I already helped a friend flash one of those cheap devices a couple of months ago using and OTA method with tuya-convert, but it turns out those newer ones are patched and OTA flashing is not an option anynore
I don’t know the exact model number from which the patch is on, but this particular one is patched and I was getting a weird encryption error while trying OTA with tuya-convert. I had some spare time, so I decided to continue digging and soon found out that it is still possible to flash those with a wired method. Not as convenient as OTA, but still, if I could get it to work, it would be great.
So after a lot of reading, I conclued that I had to remove the chip (TYWE2S) to be able to wire it for flashing because one of the required pin (GPIO0) is on the back side of the chip and not accessible. So I opened the switch (pretty easy, just 4 screw) and I used a heat gun to heat the solder points of the chip while prying a little bit on it until it popped out.
I then proceeded to solder some tiny wires to the required points: VCC, GND, TX, TX and GPIO0. All points are labeled (GPIO0 is I00).
Then it was just a matter of using an FTDI dongle that I already had to sometime flash firmwares to my little quadcopters (you could also use an arduino for that). Just make sure your dongle is set to 3.3V, because using 5v would probably damage the chip.
This particular chip needs to be put in flash mode before you can flash it and to do it, you just have to touch GPIO0 to ground when powering it up and release after a few secs, then you can proceed with flashing. So I hooked up GPIO0 to GND using a jumper wire, then connected the usb dongle and removed this jumper wire like 3-4 seconds after connecting usb.
I then used tasmotizer to flash the latest tasmota firmware, there are other firmwares or software to do that, just use whatever you prefer.
and… tada! after that I simply reinstalled the chip on the board using the holes that were already conveniently there, almost like if they knew someone would do this mod…
(I put a small piece of tape under, just to make sure nothing touches the remaining traces under)

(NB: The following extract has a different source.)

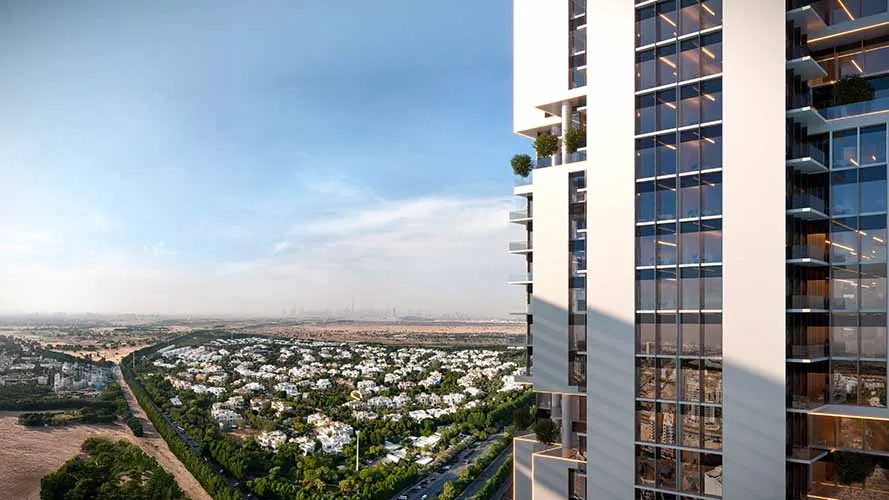 Samana Barari Avenue at Majan — Exterior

After that, I put the switch back together, installed it in the wall and it showed up as an access point to configure, like any normal tasmota device. For now, I just used “Tuya MCU (54)” module in the configuration and it works as a basic switch. I still need to figure the dimmer part, but that’s no big deal for me and it should be fairly easy to find the right config for it now that tasmota is up.
When configured, you can control it using some http requests, so I wrote a pretty basic device handler for it:
So that’s it. Not the easiest mod, but still, not overly complicated if you are not afraid of some simple soldering and you get a nice smart wifi switch integrated with smartthings for less than 15$… not sure you can find a better deal!